Sunday, January 6, 2008 | posted by Thomas Carlyle

Blogging at Home for the Painfully Alone

I sometimes wonder what it would be like to have a life full of dignity and self respect. Wouldn't it get dull after a while? When would you talk to yourself under your breath, telling yourself how stupid or ugly you are? That you shouldn't do something because you'll only fail spectacularly at it (hello College, Social Life, and Elevennames!), like you've failed at everything else?

This would, in an ideal situation, be the point where I say "But then you go ahead and do it anyway and then you feel great about it because you aren't trying to prove anything to anyone." But I am not going to say this. Because it is a filthy bastard lie. I have done plenty of things that I knew I should not have done, and I did not feel good about doing them. That voice in your head that tells you about your limitations is there for a damn good reason. I don't doubt that sometimes it must be ignored, the times when you have to talk to the girl or write the paper or do something bold and brave and hooray inducing. Other times, individuals must be aware that no amount of blatant denial will hide their obvious, tragic failings. Which is part of what makes the internet such a miracle; we are forever observing people who participate in this culture of blatant denial. Sometimes we even reward them! The great yawning chasm of despair that mortal men call YouTube is seeded on a minutely basis with people who want the whole world to see their failings and arrogance. This is not to imply I'm naval-gazing over some kind of recent phenomenon, either; observe Danny Tanner and America's Funniest Home Videos, or even that Funt guy and his show. There is precedent here - I mean, what did people do at gladiatorial games, if not laugh at the funny looking or unlucky contestants? I mean, there wasn't a lot of replay value when they were eaten by tigers or whatever.

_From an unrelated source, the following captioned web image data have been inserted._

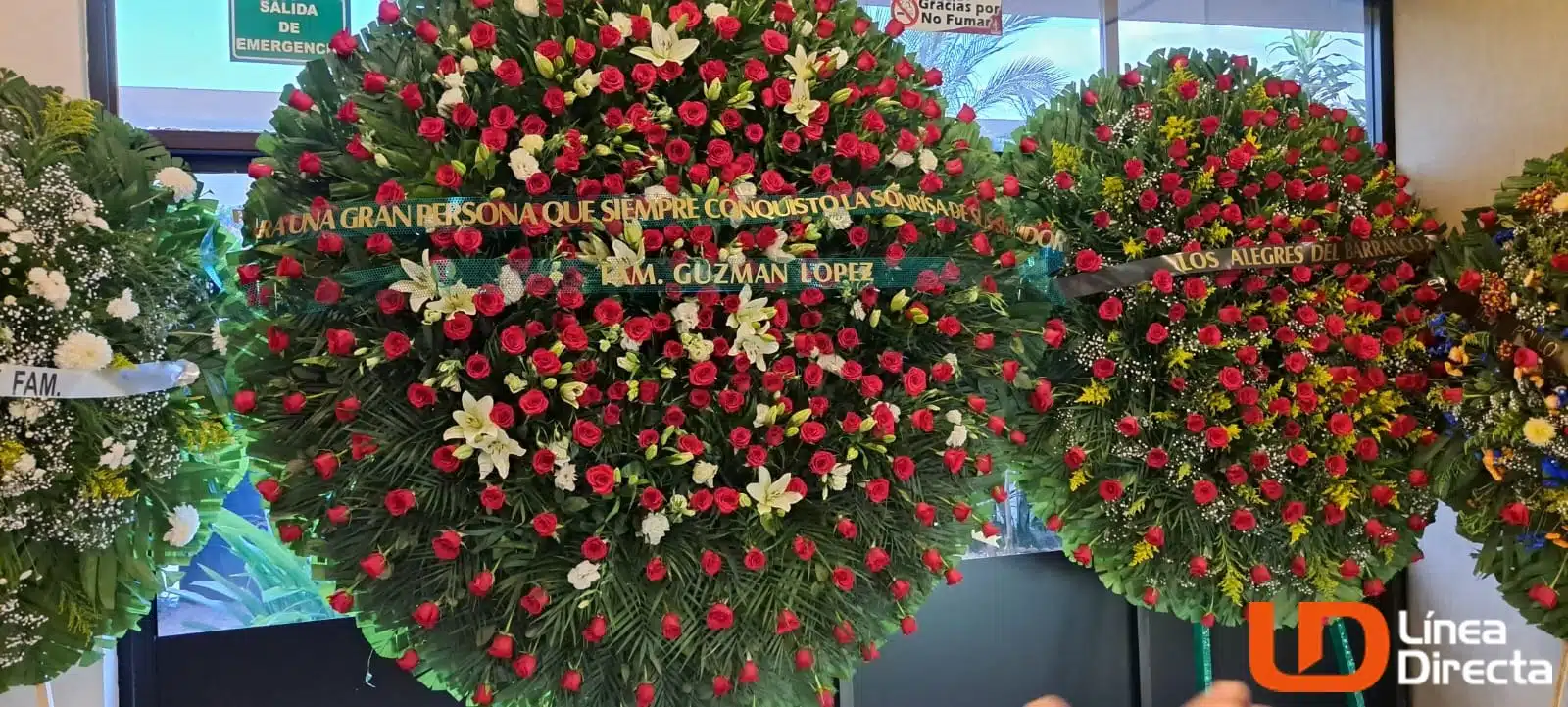 Hijos de “El Chapo” Guzmán envían una corona al funeral de “La Gilbertona” en Culiacán.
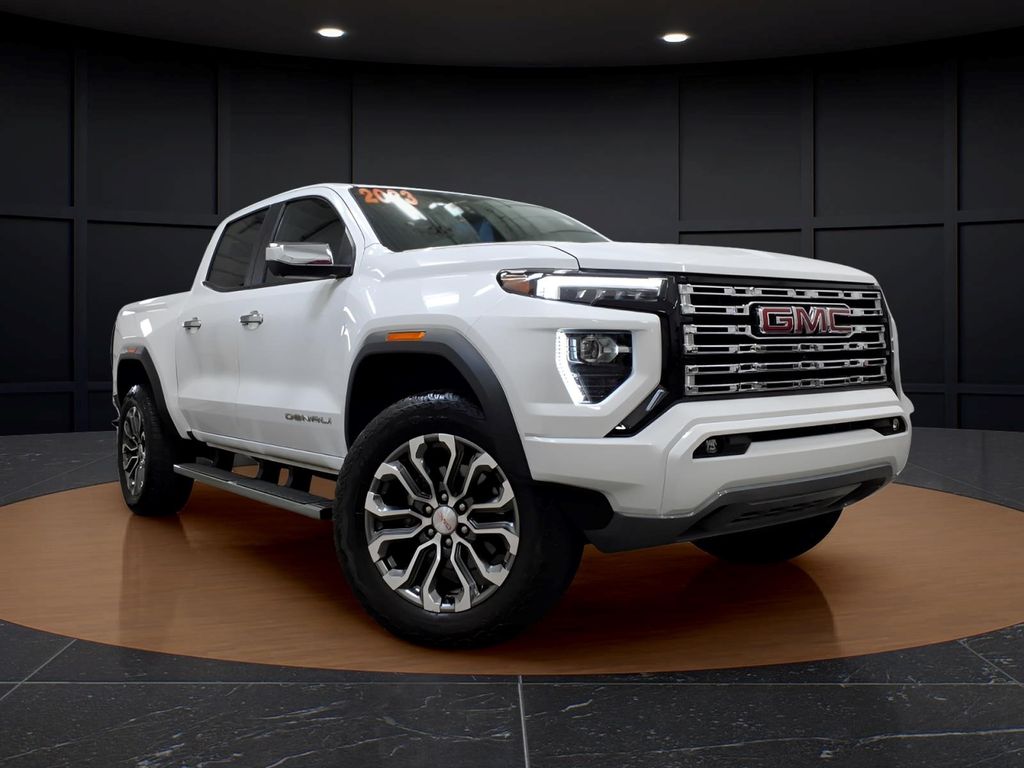 Summit White 2023 GMC Canyon Denali Crew Cab 4WD Pickup Truck Four-Wheel Drive 8-Speed Automatic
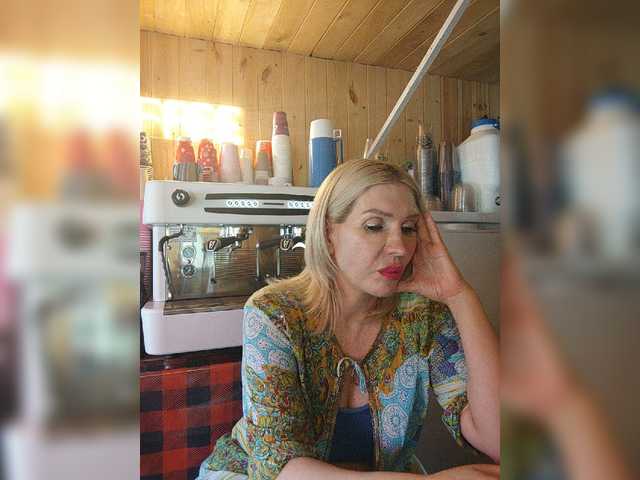 Katriona live cam on BongaCams
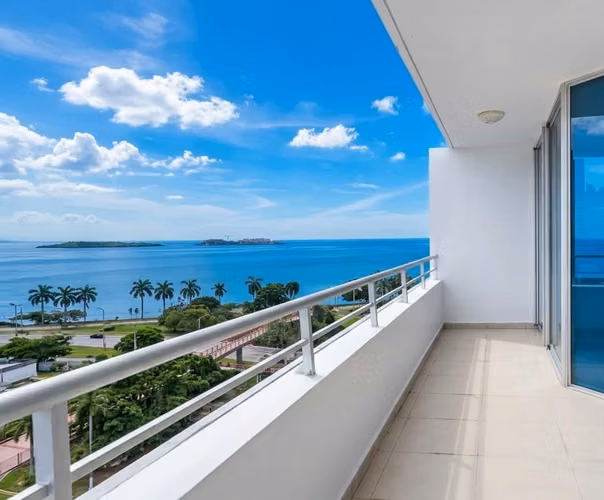 Apartamento en Avenida Balboa I con balcón y vista al mar - Imagen 2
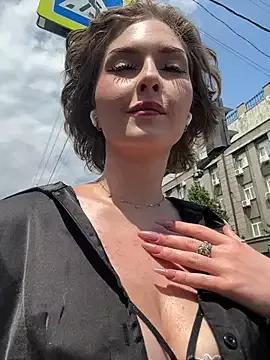 Discover our girls online shows and discover the company of countless livestreamers, with stunning shapes, sex toys and more.
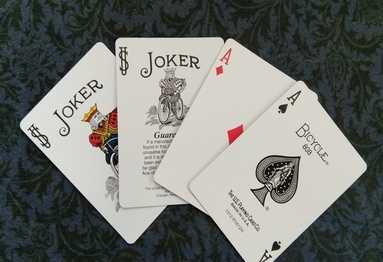 Joker to aces card trick illustration.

So instead of (can I begin a sentence not on a preposition, just once?) musing about the gradual erosion of dignity and the whole notion of Blogging Like An Adult (I just googled that!), I just figure that the whole thing is a social construct anyway, and I've got enough of those already, kthnx. I grew up with dungeons and dragons - I don't need another set of codified instructions about imaginary entities interfering with my daily life. Suffice it to say, the old crank in me hates everything, while the kid in me likes the two scoops of raisins. Or whatever. Effing Family Guy has ruined my entire generation. Or has it?

Anyway. My point (the irony is that I got distracted by the adult ADD website) is that, uh, the internets are an evolution of natural human patterns, and, uh (ha ha, check out that list of 151 strengths of adults with ADD! "The Positive's (sic) of ADD") that there's really nothing fancy or newfangled about it, that it's just more voices to contend with - that if they weren't supplied from the outside, they'd probably come from within. Human personalities seem to be consciously self regulating in a way that I (in my intense and scientific studies) have not noticed in animals. Which is to say, a trained dog will not look down it's nose (okay, so it will, hey, why don't you shut up?) at a dog which doesn't have any sort of normal socialization. And that hey, maybe that's the point of humanity's progress! Perhaps every social and scientific advancement has just been one great escalation of snobbery, a great sociological pyramid of gentrification, constantly seeking that one universal, Fonzy-like cool that will end the search. It certainly sounds bleak enough to be a cosmic truth, and fits nicely into the myths of lost civilizations.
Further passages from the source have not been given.